[Entries taken from a collection]
________

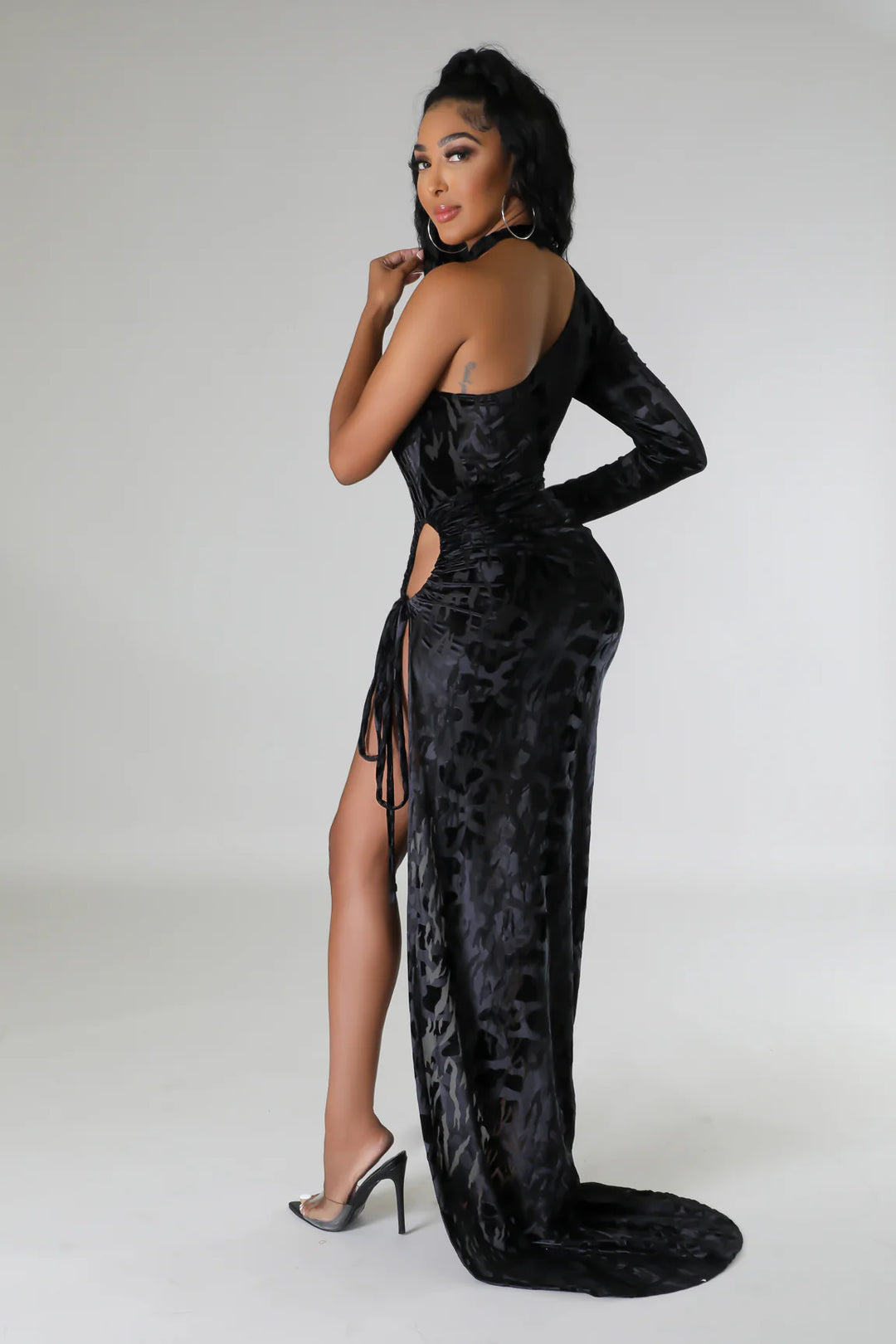 The Evening Gown Velvet Cutout Dress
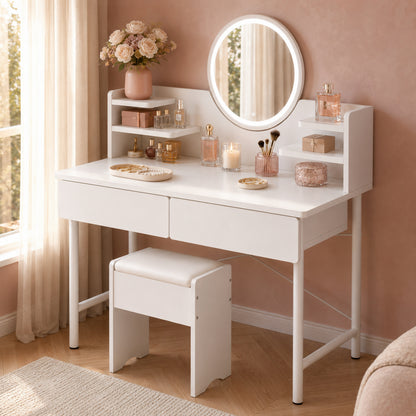 Luxe White Dressing Table LED Mirror Makeup Vanity Drawers Stool Set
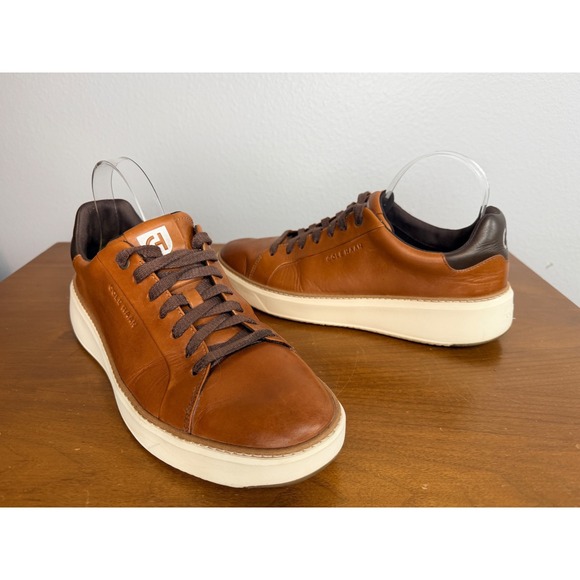 Cole Haan Grand Crosscourt Modern Sneakers Tan Brown Leather Mens 9.5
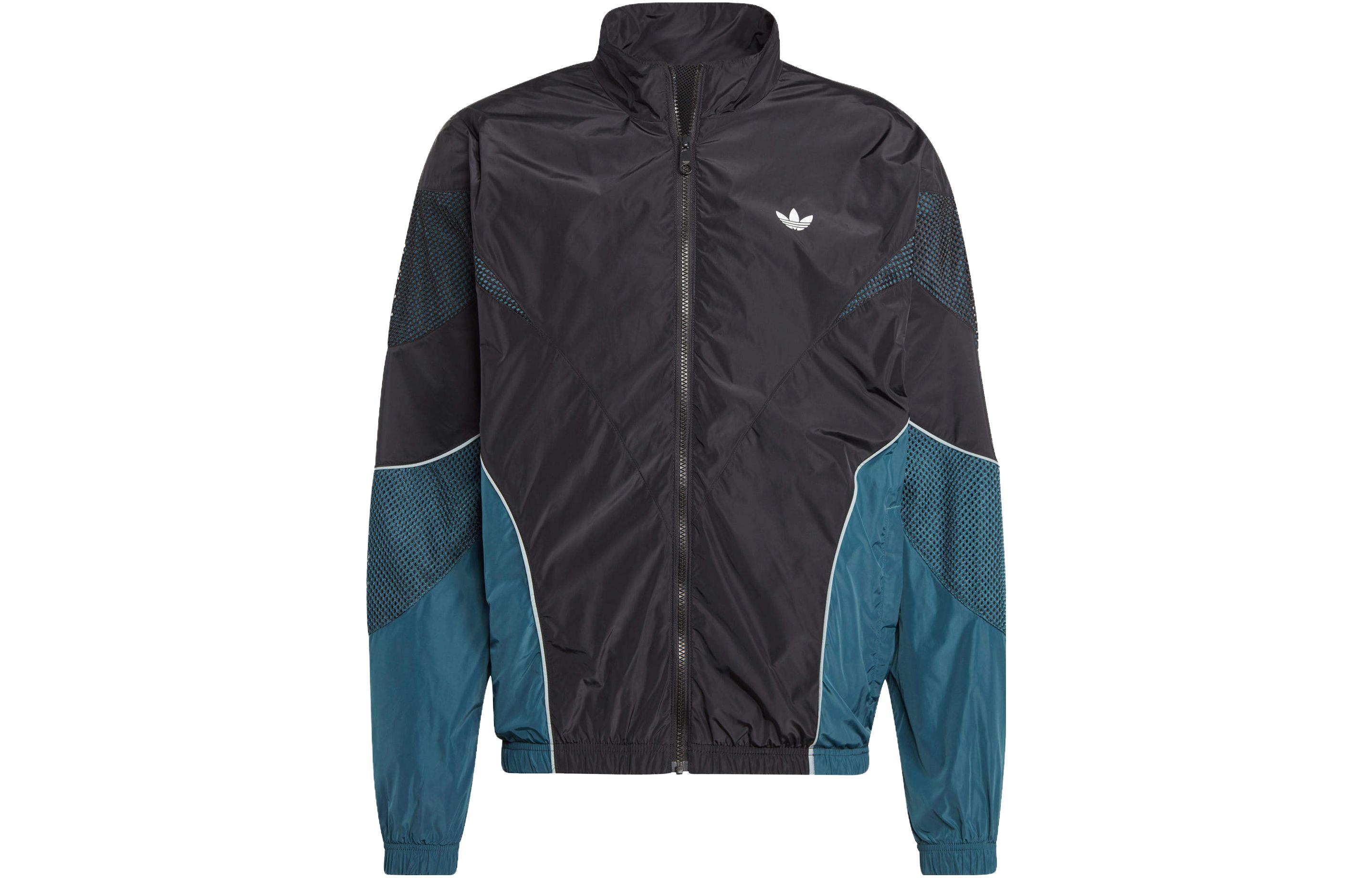 adidas REKIVE CUTLINE Colorblock Logo Zip-Up Stand Collar Jacket Black HZ0748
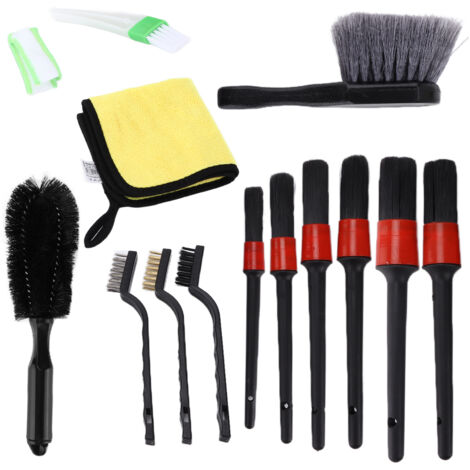 Kit de 14 brosses et chiffons pour nettoyage auto - Détail moteur, tableau de bord, jantes, intérieur (1/5)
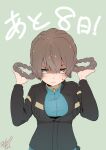  1girl absurdres adjusting_hair amane_suzuha black_jacket blush braid braided_hair_rings breasts brown_hair center_opening closed_mouth commentary_request countdown futatugikota green_background hair_between_eyes hair_rings hands_up highres jacket large_breasts long_sleeves looking_at_viewer science_adventure shaded_face sidelocks signature simple_background small_sweatdrop solo standing steins;gate straight-on upper_body v-shaped_eyebrows yellow_eyes zipper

________

To do — Using the data above, retype exactly the lines from the line with "Cole Haan Grand" to the line with "Kit de 14 brosses", inclusive. No pictures and nothing else.

Response area —
 Cole Haan Grand Crosscourt Modern Sneakers Tan Brown Leather Mens 9.5
 adidas REKIVE CUTLINE Colorblock Logo Zip-Up Stand Collar Jacket Black HZ0748
 Kit de 14 brosses et chiffons pour nettoyage auto - Détail moteur, tableau de bord, jantes, intérieur (1/5)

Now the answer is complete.